DIRECTIONS FOR THIS TASK: With the pictures left out, please write out exactly each line from the one containing "This month's Fosters" through the end of the material.

AVAILABLE DATA:

━━━━━━

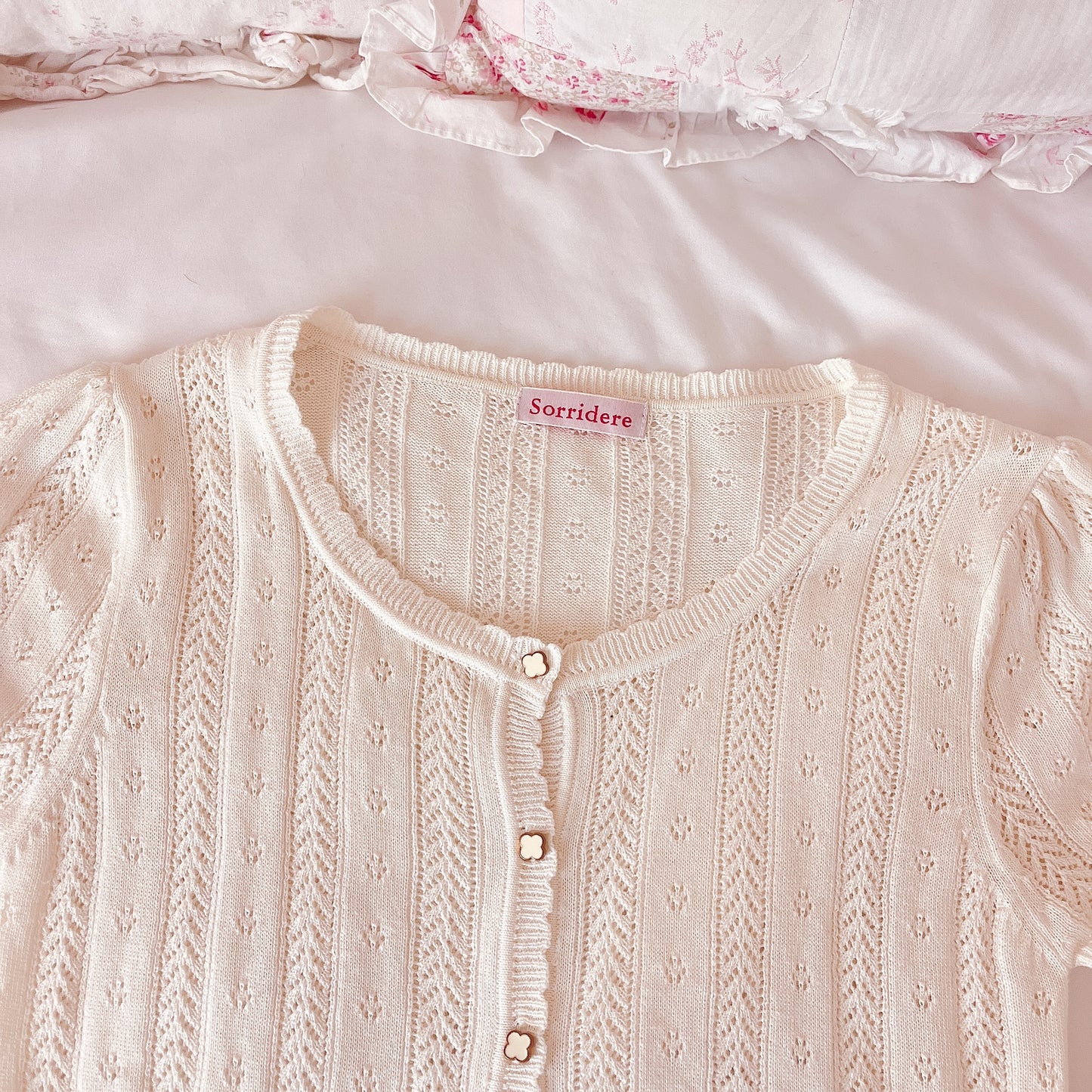 short sleeve pointelle cardigan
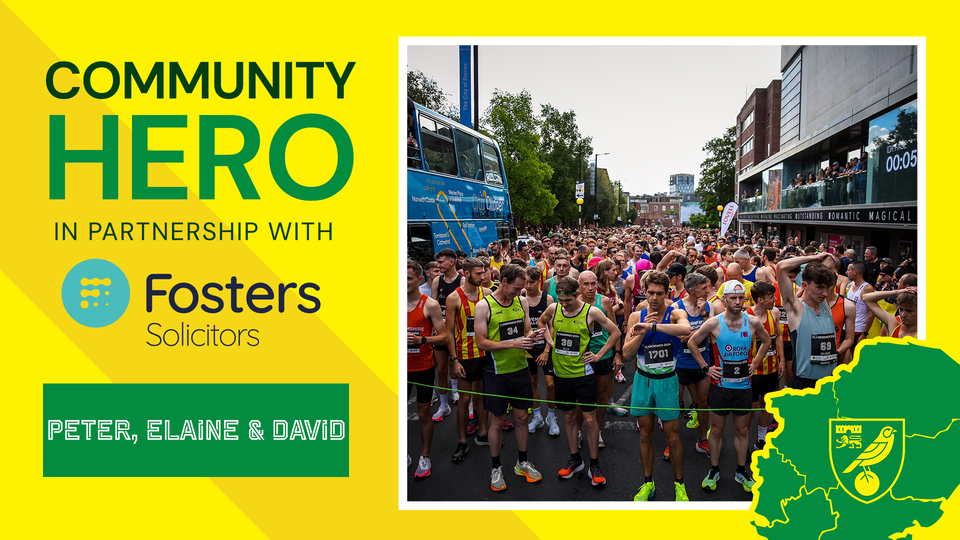 This month's Fosters Solicitors Community Heroes are David, Peter and Elaine, three regular volunteers for the Community Sports Foundation's Run Norwich event.
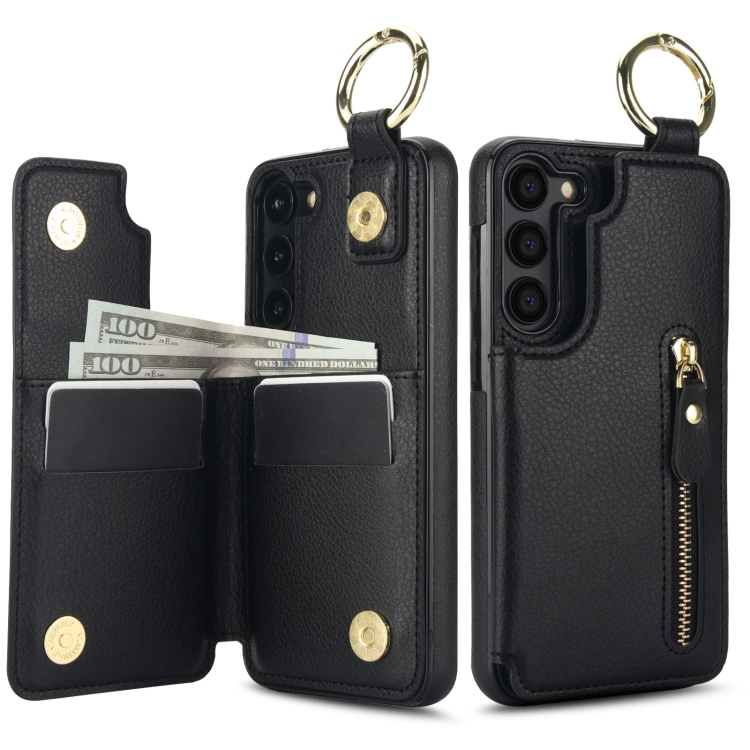 For Samsung Galaxy S23+ 5G Litchi Texture Zipper Double Buckle Card Bag Phone Case(Black) For Samsung Galaxy S23+ 5G Litchi Texture Zipper Double Buckle Card Bag Phone Case(Black)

━━━━━━

RESULT OF THE TASK:
 This month's Fosters Solicitors Community Heroes are David, Peter and Elaine, three regular volunteers for the Community Sports Foundation's Run Norwich event.
 For Samsung Galaxy S23+ 5G Litchi Texture Zipper Double Buckle Card Bag Phone Case(Black) For Samsung Galaxy S23+ 5G Litchi Texture Zipper Double Buckle Card Bag Phone Case(Black)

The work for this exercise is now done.